Bai (Migration)

Case

[2019] AATA 1945

18 February 2019


Bai (Migration) [2019] AATA 1945 (18 February 2019)

DECISION RECORD

DIVISION:Migration & Refugee Division

APPLICANTS:  Mr Yufei Bai
Ms Shuhang Li

CASE NUMBER:  1710564

HOME AFFAIRS REFERENCE(S):           BCC2016/1528565

MEMBER:Cathrine Burnett-Wake

DATE:18 February 2019

PLACE OF DECISION:  Melbourne

DECISION:The Tribunal affirms the decisions not to grant the applicants Regional Employer Nomination (Permanent) (Class RN) visas.
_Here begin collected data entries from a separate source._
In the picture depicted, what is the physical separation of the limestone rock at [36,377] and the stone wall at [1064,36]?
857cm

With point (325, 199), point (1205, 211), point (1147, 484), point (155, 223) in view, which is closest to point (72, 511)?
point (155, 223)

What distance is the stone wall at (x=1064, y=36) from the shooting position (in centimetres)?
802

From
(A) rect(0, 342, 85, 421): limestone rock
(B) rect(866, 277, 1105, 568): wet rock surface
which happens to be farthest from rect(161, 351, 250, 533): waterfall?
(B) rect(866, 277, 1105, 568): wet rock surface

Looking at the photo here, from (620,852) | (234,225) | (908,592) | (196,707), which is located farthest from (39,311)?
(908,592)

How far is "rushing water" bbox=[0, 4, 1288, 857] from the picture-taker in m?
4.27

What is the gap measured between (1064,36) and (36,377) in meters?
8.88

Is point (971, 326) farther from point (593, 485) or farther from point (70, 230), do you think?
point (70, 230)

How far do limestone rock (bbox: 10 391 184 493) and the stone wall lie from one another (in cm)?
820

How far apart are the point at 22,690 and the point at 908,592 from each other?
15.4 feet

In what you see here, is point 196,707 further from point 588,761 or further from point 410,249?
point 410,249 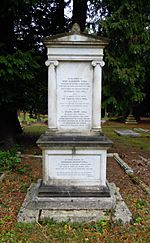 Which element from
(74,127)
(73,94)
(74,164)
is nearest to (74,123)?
(74,127)

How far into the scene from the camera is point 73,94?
5434mm

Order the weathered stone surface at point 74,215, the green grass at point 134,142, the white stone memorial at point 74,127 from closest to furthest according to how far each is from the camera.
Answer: the weathered stone surface at point 74,215
the white stone memorial at point 74,127
the green grass at point 134,142

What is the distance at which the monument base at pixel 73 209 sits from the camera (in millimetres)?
4590

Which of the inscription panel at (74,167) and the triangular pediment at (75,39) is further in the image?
the inscription panel at (74,167)

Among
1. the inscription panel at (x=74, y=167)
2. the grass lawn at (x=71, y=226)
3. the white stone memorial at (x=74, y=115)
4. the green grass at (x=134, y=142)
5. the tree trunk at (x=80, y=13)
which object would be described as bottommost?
the green grass at (x=134, y=142)

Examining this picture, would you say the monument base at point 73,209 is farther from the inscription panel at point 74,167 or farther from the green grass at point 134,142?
the green grass at point 134,142

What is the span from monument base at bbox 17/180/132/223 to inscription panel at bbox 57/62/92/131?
54.9 inches

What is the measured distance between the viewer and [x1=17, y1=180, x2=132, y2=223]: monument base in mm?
4590

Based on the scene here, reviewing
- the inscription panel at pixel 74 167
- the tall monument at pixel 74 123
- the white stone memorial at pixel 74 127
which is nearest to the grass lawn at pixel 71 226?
the white stone memorial at pixel 74 127

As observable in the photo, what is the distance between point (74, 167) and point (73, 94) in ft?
4.56

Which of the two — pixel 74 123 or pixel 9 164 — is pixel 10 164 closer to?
pixel 9 164

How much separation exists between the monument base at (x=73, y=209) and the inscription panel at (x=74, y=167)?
444mm

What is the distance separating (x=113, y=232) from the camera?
13.9 feet

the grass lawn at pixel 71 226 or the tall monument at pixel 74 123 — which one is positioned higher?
the tall monument at pixel 74 123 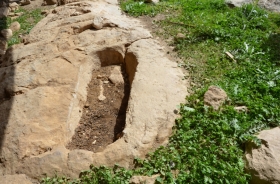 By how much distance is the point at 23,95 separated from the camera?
179 inches

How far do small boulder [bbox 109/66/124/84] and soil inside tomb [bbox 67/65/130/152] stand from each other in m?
0.02

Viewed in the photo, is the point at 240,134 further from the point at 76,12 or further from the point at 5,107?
the point at 76,12

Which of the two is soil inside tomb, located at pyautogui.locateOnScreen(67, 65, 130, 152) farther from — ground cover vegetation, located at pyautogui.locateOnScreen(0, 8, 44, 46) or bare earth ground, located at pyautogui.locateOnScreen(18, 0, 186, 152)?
ground cover vegetation, located at pyautogui.locateOnScreen(0, 8, 44, 46)

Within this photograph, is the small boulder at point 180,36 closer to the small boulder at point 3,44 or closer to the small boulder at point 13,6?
the small boulder at point 3,44

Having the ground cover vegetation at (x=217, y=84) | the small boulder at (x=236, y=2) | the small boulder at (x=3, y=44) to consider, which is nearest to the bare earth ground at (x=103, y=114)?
the ground cover vegetation at (x=217, y=84)

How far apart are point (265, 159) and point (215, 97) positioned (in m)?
1.22

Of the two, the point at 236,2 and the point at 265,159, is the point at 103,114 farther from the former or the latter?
the point at 236,2

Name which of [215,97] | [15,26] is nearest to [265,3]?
[215,97]

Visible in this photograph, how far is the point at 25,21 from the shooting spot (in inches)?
325

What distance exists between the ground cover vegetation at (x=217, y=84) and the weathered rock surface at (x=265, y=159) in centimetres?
9

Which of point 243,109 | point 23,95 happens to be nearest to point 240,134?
point 243,109

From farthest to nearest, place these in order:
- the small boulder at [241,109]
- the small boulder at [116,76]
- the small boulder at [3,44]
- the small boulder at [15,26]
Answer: the small boulder at [15,26] → the small boulder at [3,44] → the small boulder at [116,76] → the small boulder at [241,109]

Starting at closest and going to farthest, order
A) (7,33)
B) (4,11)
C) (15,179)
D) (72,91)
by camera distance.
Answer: (15,179), (72,91), (7,33), (4,11)

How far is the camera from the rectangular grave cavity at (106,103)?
163 inches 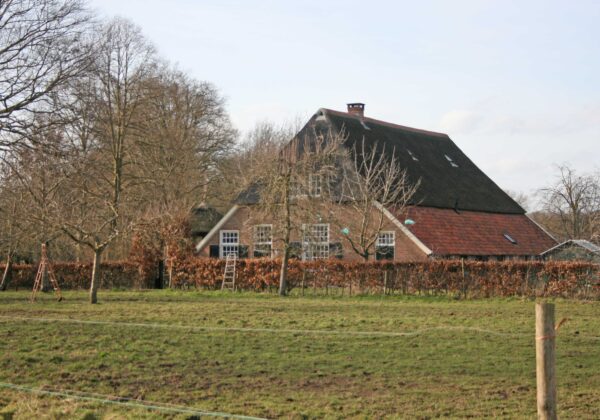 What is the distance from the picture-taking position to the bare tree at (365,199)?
35.2 metres

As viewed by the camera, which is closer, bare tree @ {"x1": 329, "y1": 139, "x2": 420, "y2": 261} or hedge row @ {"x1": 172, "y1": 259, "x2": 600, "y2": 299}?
hedge row @ {"x1": 172, "y1": 259, "x2": 600, "y2": 299}

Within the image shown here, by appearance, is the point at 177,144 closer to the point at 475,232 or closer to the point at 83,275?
the point at 83,275

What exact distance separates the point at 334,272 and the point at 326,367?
58.4 feet

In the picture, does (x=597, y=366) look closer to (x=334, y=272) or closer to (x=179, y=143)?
(x=334, y=272)

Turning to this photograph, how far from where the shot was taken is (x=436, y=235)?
37625 mm

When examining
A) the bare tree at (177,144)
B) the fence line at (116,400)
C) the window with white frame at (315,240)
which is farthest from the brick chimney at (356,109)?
the fence line at (116,400)

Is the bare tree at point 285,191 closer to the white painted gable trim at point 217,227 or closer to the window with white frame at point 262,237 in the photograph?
the window with white frame at point 262,237

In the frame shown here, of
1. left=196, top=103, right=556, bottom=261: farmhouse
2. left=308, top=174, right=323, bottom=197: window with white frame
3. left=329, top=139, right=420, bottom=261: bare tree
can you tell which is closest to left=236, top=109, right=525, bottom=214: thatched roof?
left=196, top=103, right=556, bottom=261: farmhouse

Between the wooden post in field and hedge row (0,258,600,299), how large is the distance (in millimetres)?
20571

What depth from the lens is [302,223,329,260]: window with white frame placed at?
1224 inches

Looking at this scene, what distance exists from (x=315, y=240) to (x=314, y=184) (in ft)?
7.91

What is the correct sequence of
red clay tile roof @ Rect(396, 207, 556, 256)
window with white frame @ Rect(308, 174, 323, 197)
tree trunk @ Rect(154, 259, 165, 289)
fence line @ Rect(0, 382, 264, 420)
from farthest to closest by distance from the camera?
red clay tile roof @ Rect(396, 207, 556, 256) < tree trunk @ Rect(154, 259, 165, 289) < window with white frame @ Rect(308, 174, 323, 197) < fence line @ Rect(0, 382, 264, 420)

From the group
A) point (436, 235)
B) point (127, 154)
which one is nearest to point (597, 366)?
Answer: point (436, 235)

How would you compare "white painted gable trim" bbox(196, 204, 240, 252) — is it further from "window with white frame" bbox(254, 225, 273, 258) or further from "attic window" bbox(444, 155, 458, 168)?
"attic window" bbox(444, 155, 458, 168) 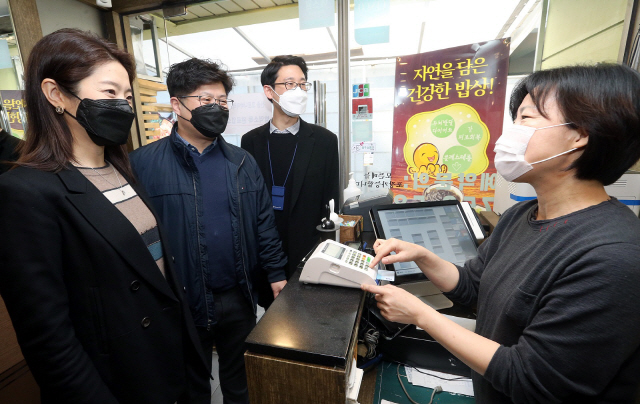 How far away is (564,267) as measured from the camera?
0.63m

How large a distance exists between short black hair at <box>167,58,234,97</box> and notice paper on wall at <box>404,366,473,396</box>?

Statement made on 18 February 2019 at 4:09pm

CATCHWORDS

MIGRATION – Regional Employer Nomination (Permanent)(Class RN) – Subclass 187 Regional Sponsored Migration Scheme – Direct Entry stream – nomination not approved – nominator sought review – refused – application lodged under wrong company – second named applicant does not meet secondary visa criteria – decision under review affirmed

LEGISLATION

Migration Act 1958 (Cth), ss 65, 359AA
Migration Regulations 1994 (Cth), Schedule 2 cls 187.233, 187.311, rr 1.13A, 1.13B

STATEMENT OF DECISION AND REASONS

APPLICATION FOR REVIEW

  1. This is an application for review of a decision made by a delegate of the Minister for Immigration and Border Protection to refuse to grant the applicants Regional Employer Nomination (Permanent) (Class RN) visas under s.65 of the Migration Act 1958 (the Act).

  2. The applicants applied for the visas on 22 April 2016. At the time of application, Class RN contained one subclass: Subclass 187 (Regional Sponsored Migration Scheme).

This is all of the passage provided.